Here's Why Russia Had Missile Trouble in Syria

Michael Peck

Key point: New weapons always have trouble, but especially when they weren't built with hotter climates in mind. 

Russian missiles had problems operating in Syria.

Why? Because parts of Syria are desert, and Russia lacked experience with designing weapons for such climates.

That startling admission came from Boris Obsonov, head of Russia's Tactical Missiles Corporation (KTRV), during an interview with the business newspaper Kommersant [Google English translation here].

"I will not hide it: various flaws were found in real combat conditions," Obsonov said. "For us, the Syrian campaign has become a serious test."

Obsonov said he tried to convince the Russian military to use smart bombs instead of unguided bombs. We did not have the cheapest weapon compared to free-fall bombs. We were told that the gravitational [unguided] bomb is quite effective thanks to a new method of targeting. And I had to argue! Tables, coordinates—it's all good. It is possible to make aerodynamic tables correctly, but with a strong wind such a bomb can be off by several hundred meters, because it does not have a correction system.

Obsonov blamed the lack of training ranges in Russia with similar climatic conditions to Syria. "We do not have polygons [training ranges] with such climatic conditions: heat, a strong haze rises from the ground, winds, sand storms."
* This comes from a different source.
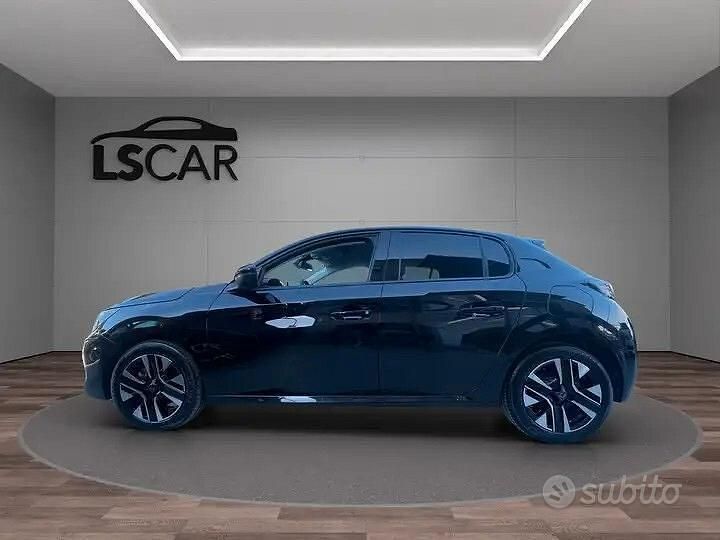 Usata Peugeot 208 Allure 101 CV (74 kW) 2025 Nero Utilitaria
"Therefore, it was not possible before Syria to test products, for example, with a laser homing head in such conditions," Obsonov said. We did not assume that the illumination due to mirages could 'float away.' The principle of operation of a laser weapon is: there is a target light. The head sees the reflected laser signal and is induced at the point of reflection of the signal. Under ideal conditions, a laser weapon is considered the most accurate weapon, but its range depends largely on the transparency of the atmosphere.